__EXERCISE__
The entries below contain pictures, which are to be left out; write out exactly, and only, the lines from the line with "600 3rd Street" up to and including the line with "Critics Love It".
Segment Start: DATASET EXCERPTS
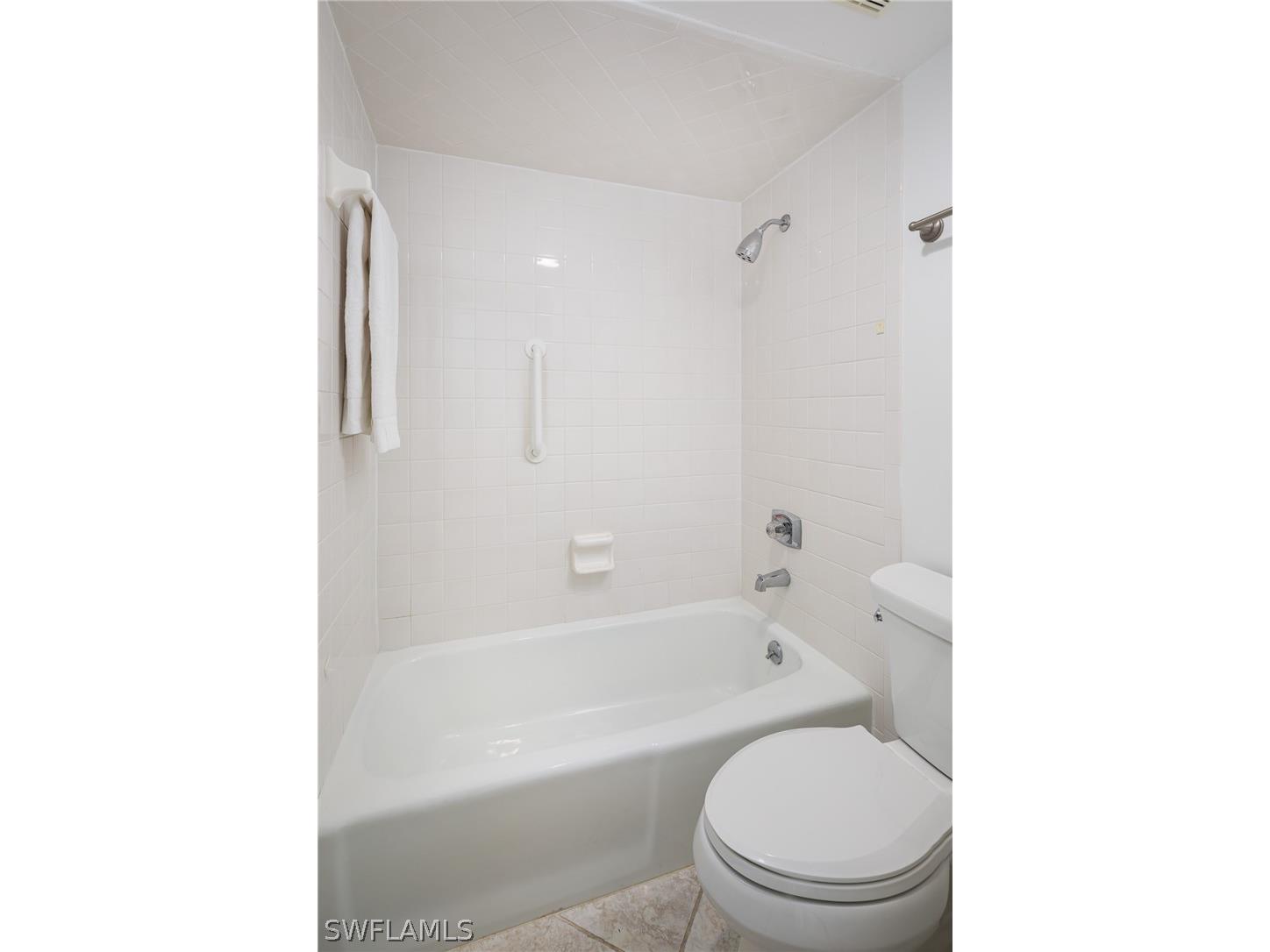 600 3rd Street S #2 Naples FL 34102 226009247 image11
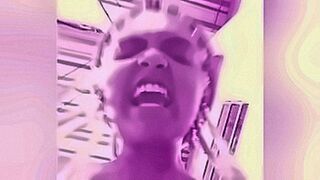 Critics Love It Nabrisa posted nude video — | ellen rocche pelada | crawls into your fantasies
Segment End: DATASET EXCERPTS
Segment Start: DATASET EXCERPTS
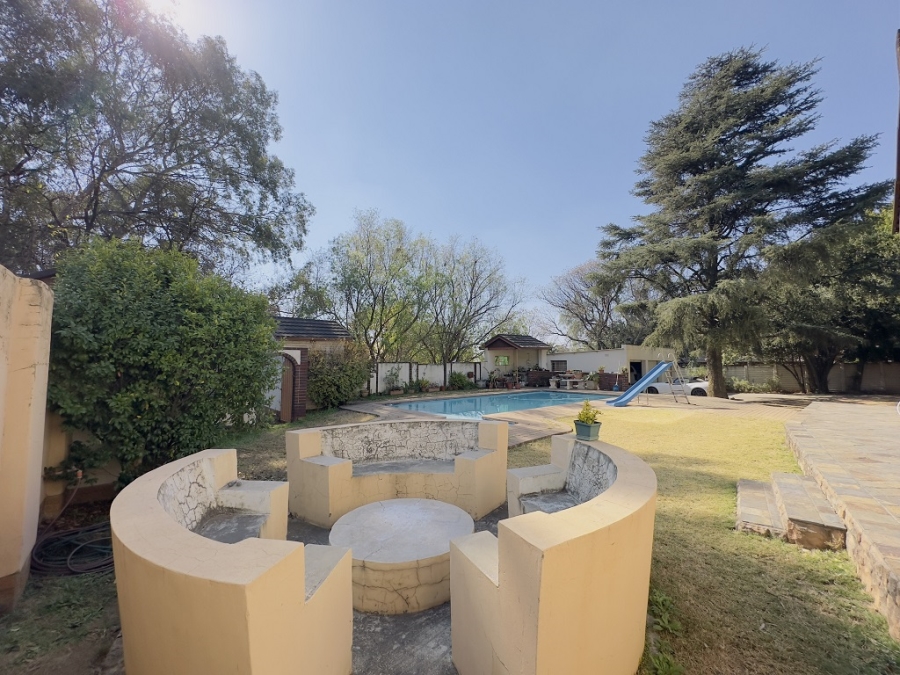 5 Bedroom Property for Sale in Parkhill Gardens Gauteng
Segment End: DATASET EXCERPTS
__REPLY TO THE TASK__
 600 3rd Street S #2 Naples FL 34102 226009247 image11
 Critics Love It Nabrisa posted nude video — | ellen rocche pelada | crawls into your fantasies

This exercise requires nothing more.